Tell your friends you'll do something with them another time and just go with your mum. They'll probably appreciate a night out just them without you tagging along.

Edited

Tagging along? Op arranged this evening with her friends. She wasn’t ’tagging along’.

Flossflower · 25/10/2024 18:04

I really really would not want/expect my adult children to take me to an event where they were going with friends. Your mother really does need some boundaries and she doesn’t even like music.

LuluBlakey1 · 25/10/2024 18:04

SwingTheMonkey · 25/10/2024 18:02

Tagging along? Op arranged this evening with her friends. She wasn’t ’tagging along’.

Now her DH isn't going, they might prefer to go just them and without her mum as an add-on. Then she and her mum can be together and everyone's happy (ish).

SwingTheMonkey · 25/10/2024 18:06

LuluBlakey1 · 25/10/2024 18:04

Now her DH isn't going, they might prefer to go just them and without her mum as an add-on. Then she and her mum can be together and everyone's happy (ish).

Her husband would go if her mother wasn’t there. The simple solution is that the mother doesn’t go and op gets to stick to the original plans she made and was looking forward to.
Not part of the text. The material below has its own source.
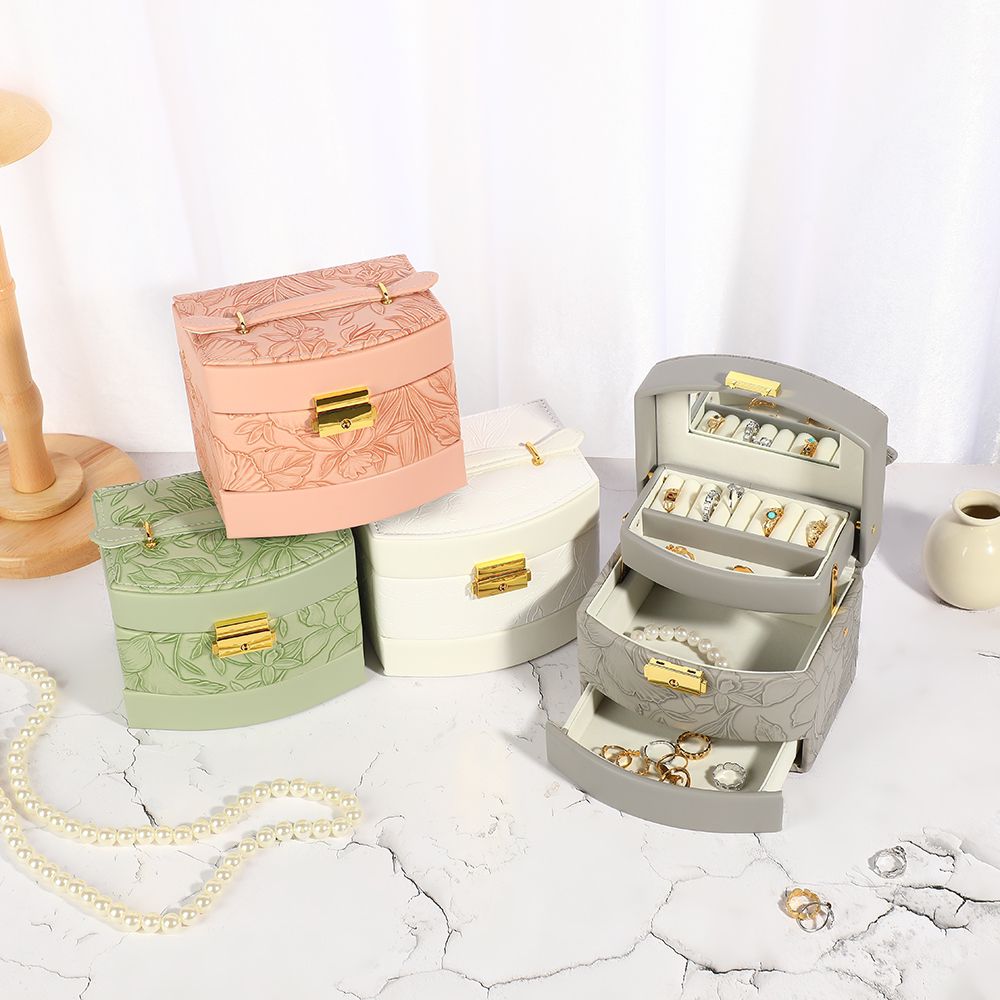 Multipurpose 3 Layer Luxury Self Textured Leather Jewelry Box Small Size With Mirror Style BT-03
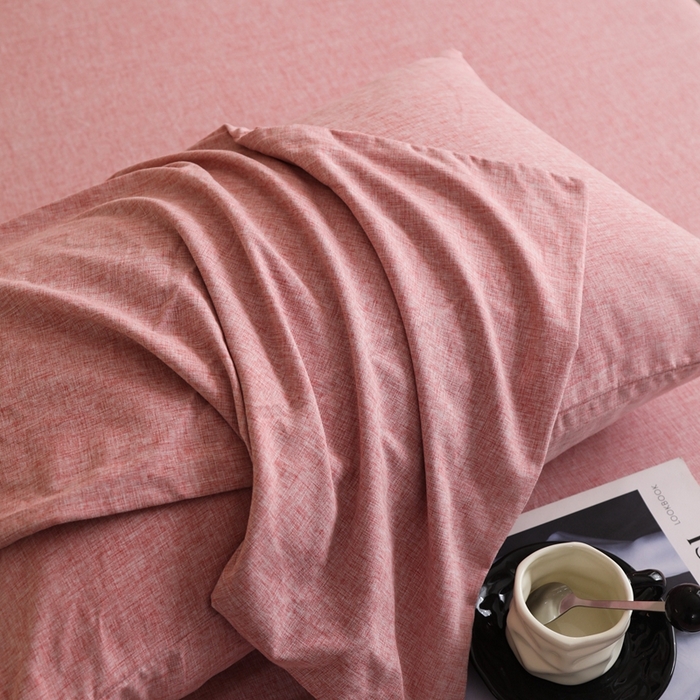 91家纺网 家纺一手货源 找家纺 宇淳国际 2026新款亲肤阳离子磨毛床单床笠系列 西瓜红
This whole ‘they might die soon’ thing is such bollocks. Any one of us could die at any time. Why does an elderly person’s mortality trump anyone else’s?

Autumn38 · 25/10/2024 18:07

LuluBlakey1 · 25/10/2024 18:04

Now her DH isn't going, they might prefer to go just them and without her mum as an add-on. Then she and her mum can be together and everyone's happy (ish).

The only person who would be happy in this scenario is OP’s mum.

OP wanted to go with DH and friends
DH wanted to go with OP and friends
Friends wanted to go with OP and DH

this is utterly ridiculous. OP’s DM needs to accept that she’s not invited to this one.

Icepinkeskimo · 25/10/2024 18:07

There is going to be plenty of opportunities to go out with your “group”.
Sadly when you lose your mother you would give anything to just have her back for 5 minutes.
We don’t realise how selfish we’ve been in the past until our hearts are broken with grief.

Autumn38 · 25/10/2024 18:08

And actually the one we should all be cross with is OP’s mum’s friend who let her down.